Reni Jusis śpieszy się na próbę. - O nie, wpadliśmy w korek - mówi.
Piosenkarkę poprawia taksówkarz. - W nic nie wpadliśmy proszę pani, to my jesteśmy korkiem - zauważa.
Tak zwykle wygląda podróż przez Warszawę w godzinach szczytu, tyle że w aucie najczęściej jest tylko kierowca - średnio 1,3 osoby w aucie w czasie jednej podróży. To z kolei oznacza, że 50 osób podróżuje w 38 samochodach. Wszystkie zmieściłyby się komfortowo w jednym przegubowym autobusie. - Zajmuje on mniej więcej tyle miejsca na drodze co 4-5 samochodów - wylicza Wójcicki.
Komunikacja miejska wciąż ma spore rezerwy, np. obłożenie autobusów - według danych ZTM - wynosi średnio 65 procent.
Wyprzedzamy Berlin, ale nie ma się z czego cieszyć
W Warszawie zarejestrowanych jest około 1,2 mln samochodów osobowych. Na tysiąc mieszkańców przypada 600 aut, ale w Śródmieściu aż 800. W Polsce średnia to 500 aut na tysiąc mieszkańców. Tymczasem w Berlinie na tę samą liczbę ludności przypada zaledwie 320 pojazdów. Połowę tego co w naszym mieście!
Dlatego bohaterowie filmiku przygotowanego na zlecenie ratusza namawiają do podróżowania komunikacją. To tańsze, wygodne, ekologiczne, często daje też oszczędność czasu - autobusy na buspasach, tramwaje i SKM-ki nie stoją przecież w korkach.

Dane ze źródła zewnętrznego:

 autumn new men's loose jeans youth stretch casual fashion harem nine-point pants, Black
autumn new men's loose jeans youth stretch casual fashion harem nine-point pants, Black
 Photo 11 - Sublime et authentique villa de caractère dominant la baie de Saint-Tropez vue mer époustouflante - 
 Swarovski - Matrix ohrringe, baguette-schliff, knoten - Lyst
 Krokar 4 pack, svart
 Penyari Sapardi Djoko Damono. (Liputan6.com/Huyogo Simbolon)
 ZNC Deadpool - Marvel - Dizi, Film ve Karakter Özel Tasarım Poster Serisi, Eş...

Bohaterowie filmu przypominają, że za 98 złotych można podróżować wszystkimi liniami do woli. Tymczasem w jeździe miejskiej samochody spalają bardzo dużo paliwa - średnio warszawiacy tankują miesięcznie za kilkaset złotych. A do tego trzeba doliczyć inne opłaty - za naprawy czy parkingi.

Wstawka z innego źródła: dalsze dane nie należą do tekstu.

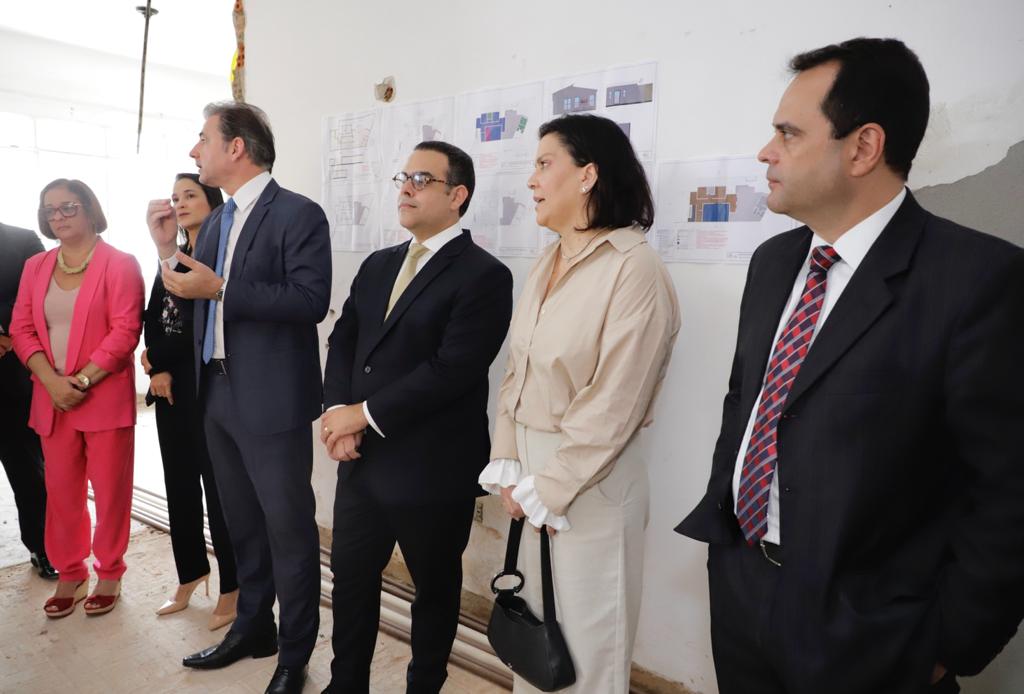 Obras da nova sede da OAB Cabo de Santo Agostinho avan&ccedil;am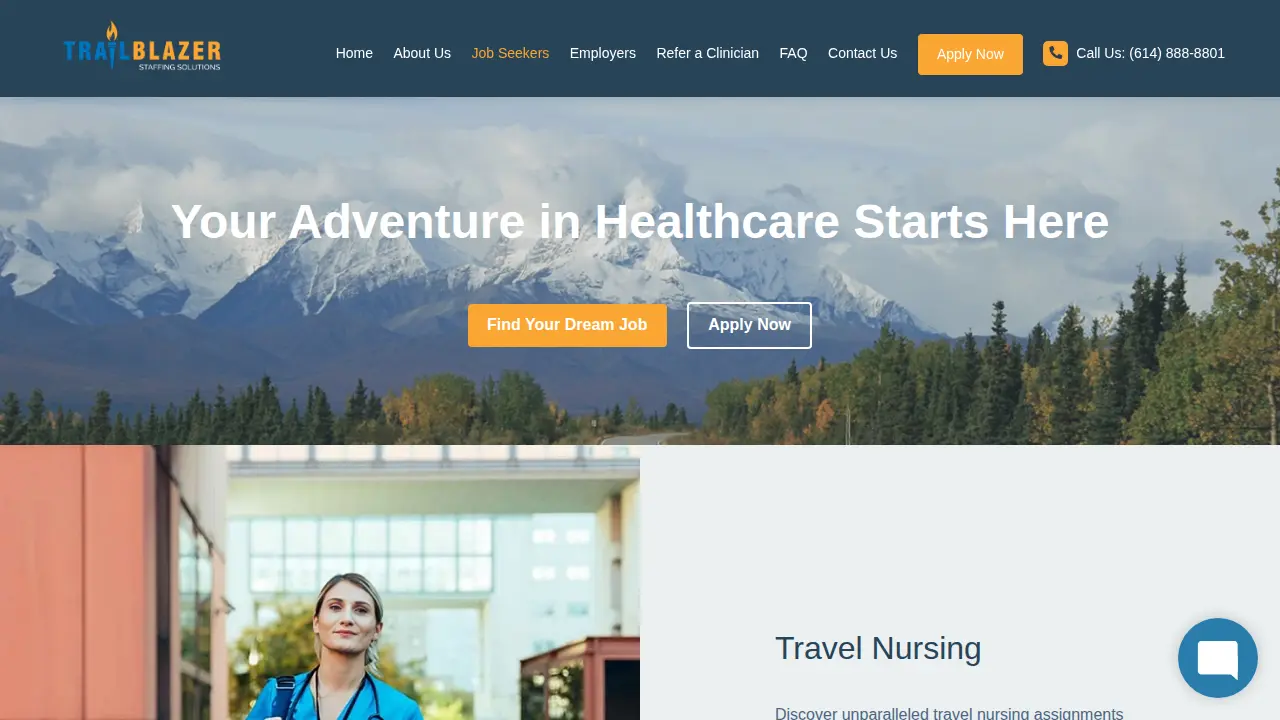 TrailBlazer Staffing Solutions page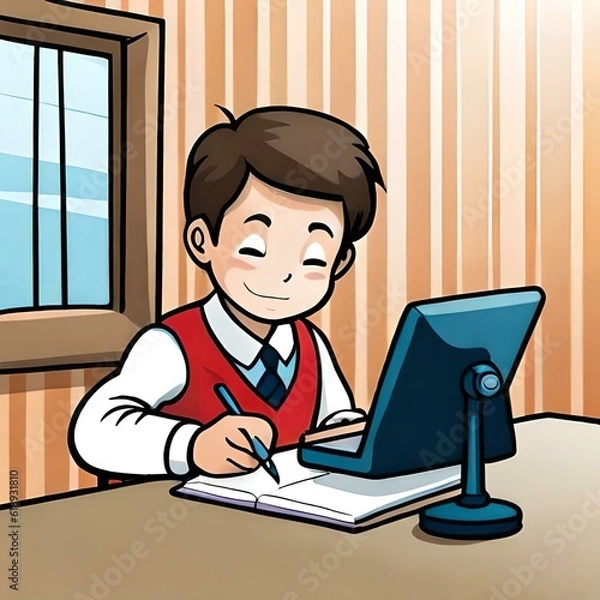 Obraz child in office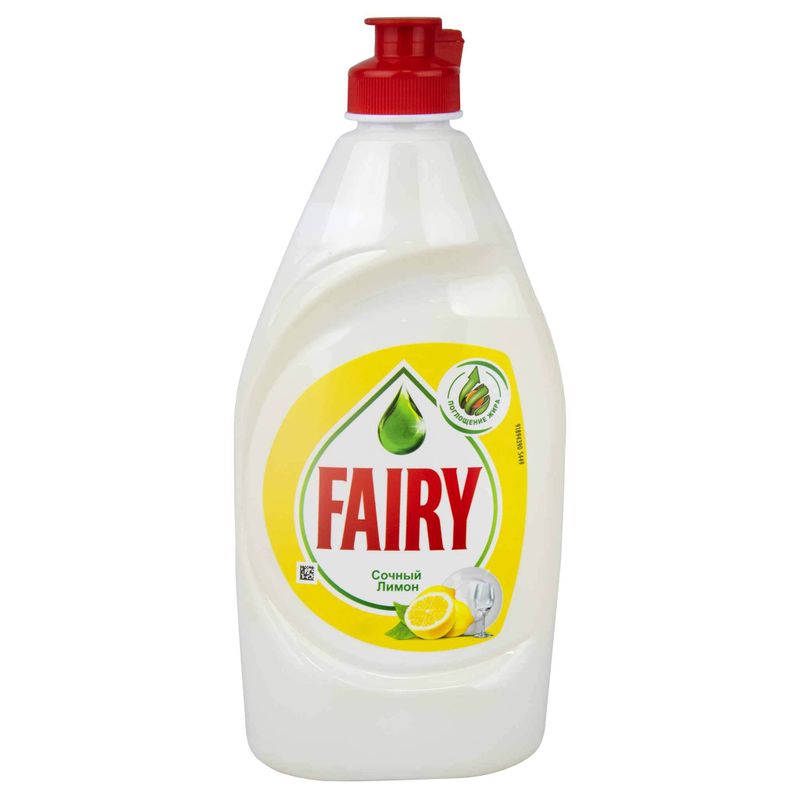 Средство для посуды игрушек фруктов и овощей  FAIRY сочный лимон 450 мл/бут 12 бут/кор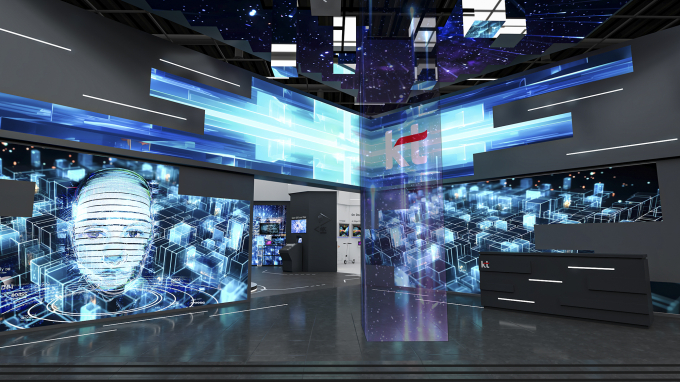 사진은 KT MWC 2024 전시관 시안. /사진=KT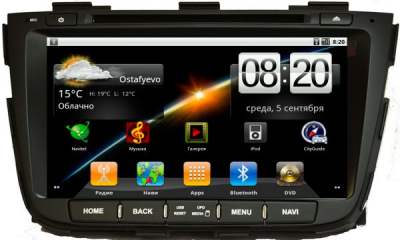 Штатное головное устройство CarSys CAH5305S1 Android KIA Sorento II New 8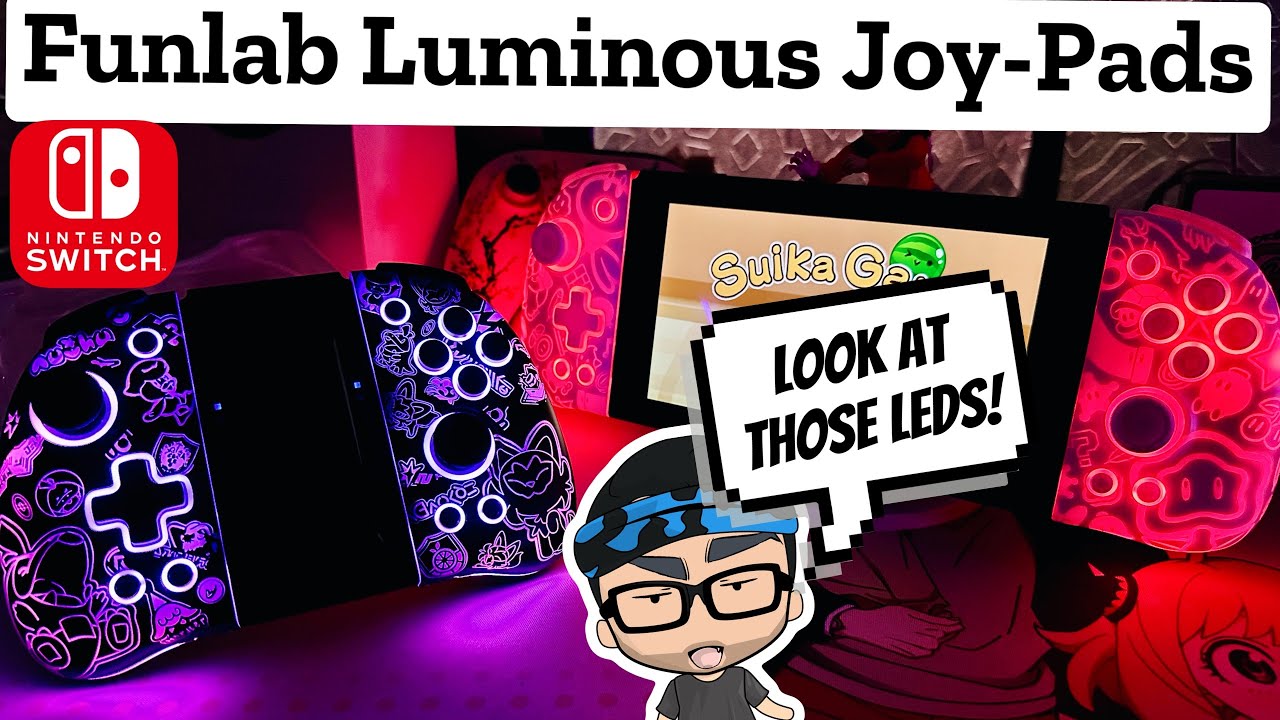 Coolest Nintendo Switch Joy Con Alternative w/ Amazing LEDs | FUNLAB LUMINOUS JOY PADS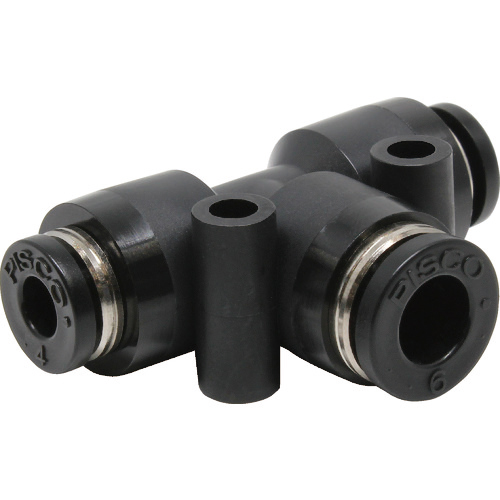 ﾁｭｰﾌﾞﾌｨｯﾃｨﾝｸﾞ 違径ﾕﾆｵﾝﾃｨｰﾁｭｰﾌﾞ4ﾈｼﾞ6 1個画像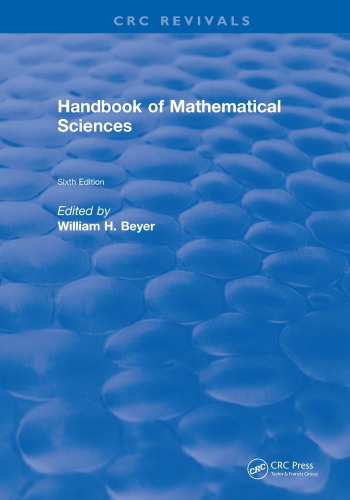 HANDBOOK OF MATHEMATICAL SCIENCE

Tym, którzy mają problem z dojazdem z podwarszawskich miejscowości, miasto ułatwiło przesiadanie się do komunikacji miejskiej tworząc parkingi Park and Ride. Postój na nich jest darmowy, o ile kupimy bilet na dalszą podróż komunikacją miejską. Dla tych którzy wolą aktywny dojazd do pracy przewidziano rower miejski. Pierwsze 20 minut wypożyczenia jest za darmo.